Pero ¿dónde se puede escuchar esta voz? ¿Dónde resuena esta Palabra? ¿Es posible repetir hoy la experiencia que los apóstoles tuvieron el día de la Pascua y “ocho días después”? ¿Cómo? Seguramente habremos caído en la cuenta de que las dos apariciones tienen lugar en domingo; que los que hacen la experiencia del Resucitado son las mismas personas (uno más, uno menos), que el Señor se presenta con las mismas palabras: “La paz esté con ustedes” en ambos encuentros y que, finalmente, Jesús muestra en ambos encuentros los signos de su Pasión. Existen otros detalles, pero bastan estos para que nos ayuden a responder a la pregunta que acabamos de plantearnos.

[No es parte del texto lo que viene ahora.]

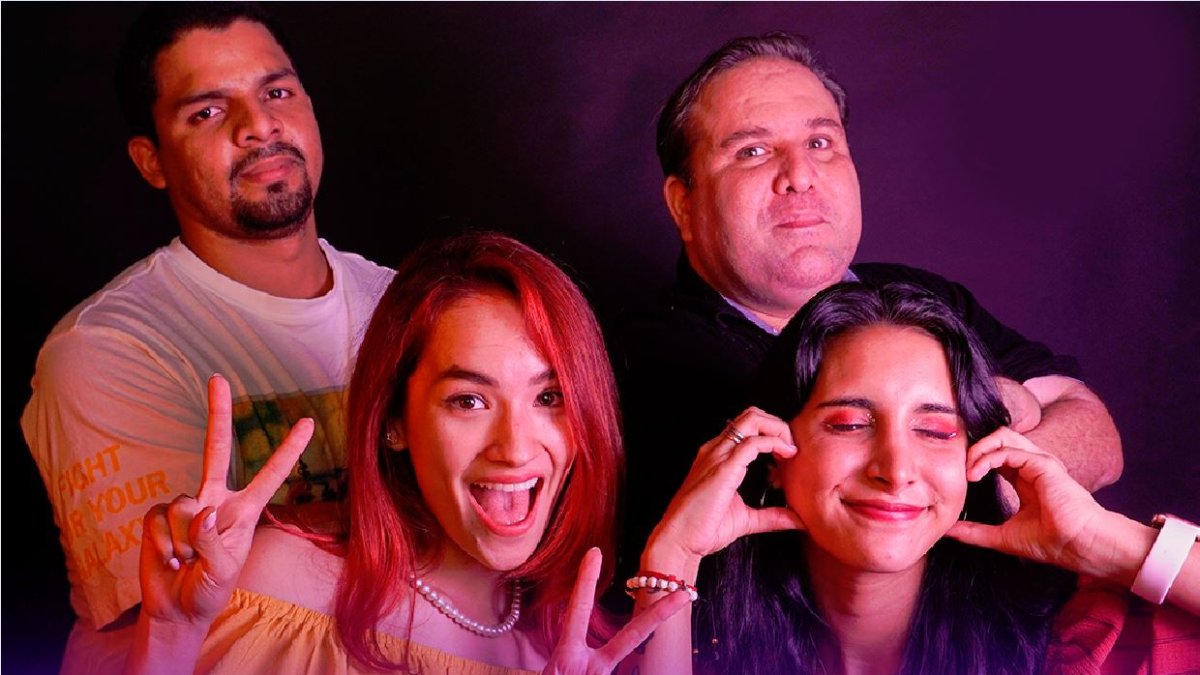 El espacio cuenta con diversos segmentos orientados a la cultura pop.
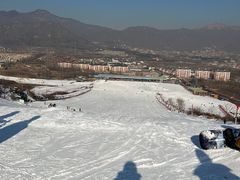 -蓟县盘山滑雪场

Los discípulos se encuentran reunidos en casa. El encuentro al que claramente se refiere Juan es el encuentro que acaece en “el día del Señor”, el que tiene lugar cada “ocho días”, cuando la comunidad es convocada para la celebración de la Eucaristía. Es allí, encontrándose reunidos todos los creyentes, donde se aparece el Resucitado que, por boca del celebrante, saluda a todos los presentes y, como en la tarde de Pascua y de nuevo ocho días después de la Pascua, se dirige a ellos con las palabras: “La paz esté con ustedes”.
En aquel momento Jesús se manifiesta vivo a sus discípulos. Quien, como Tomás no asiste a estos encuentros de la comunidad, no puede tener la experiencia del Resucitado (vv. 24-25); ni oír su saludo; ni escuchar su Palabra; no puede recibir su paz y su perdón (vv. 19.26.23); ni experimentar su alegría (v. 20); ni recibir su Espíritu (v. 22). Quien se queda en casa el día del Señor, quizás para rezar solo y con más tranquilidad, podrá, sí, establecer cierto contacto con Dios, pero no experimentará la presencia del Resucitado, porque éste se hace presente allí donde la comunidad está reunida.

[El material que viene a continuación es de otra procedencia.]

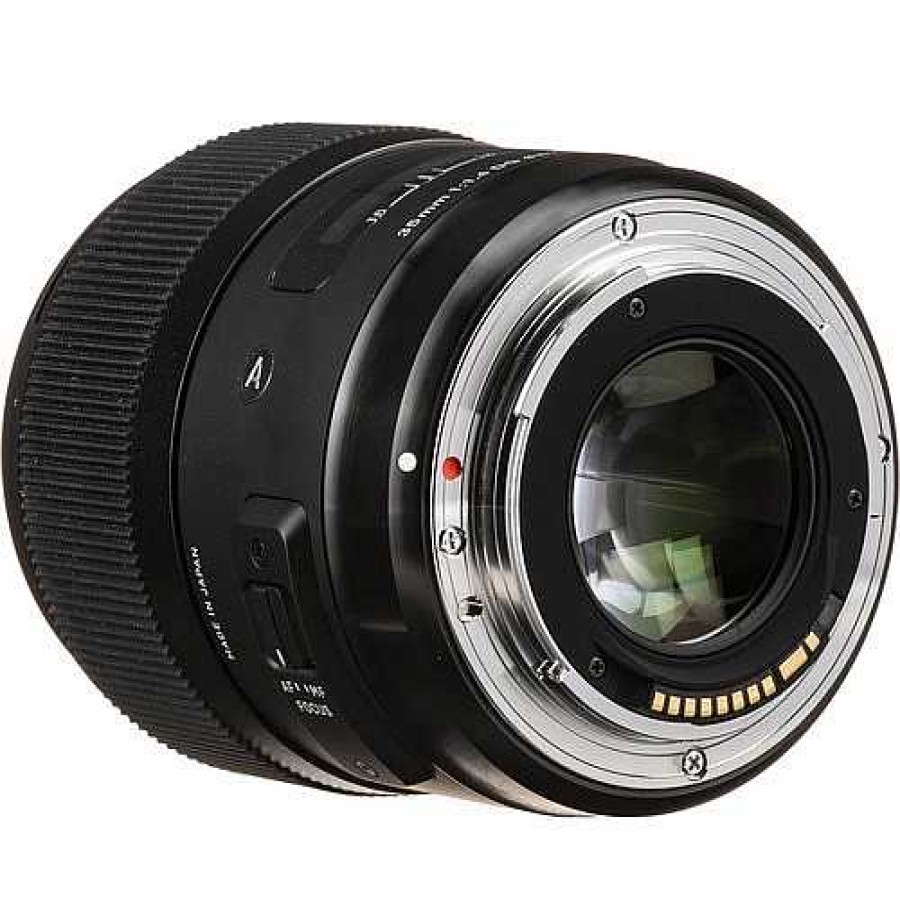 Sigma Sigma 35Mm F1.4 Art Dg Hsm Nikon Mount Lens | Sigma Lenses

¿Qué le sucederá a quien no encuentra al Resucitado? Tendrá necesidad, como Tomás, de pruebas para creer, pero nunca las encontrará. Contrariamente a cuanto nos presentan las pinturas de los artistas, Tomás no introdujo la mano en las heridas del Señor. Según el texto evangélico, no resulta que haya tocado al Resucitado. También Tomás, al fin de cuentas, ha declarado su profesión de fe solamente después de haber escuchado la voz del Resucitado junto a sus hermanos de comunidad. Y la posibilidad de hacer esta experiencia del Resucitado se ofrece a todos los cristianos de todos los tiempos… cada ocho días.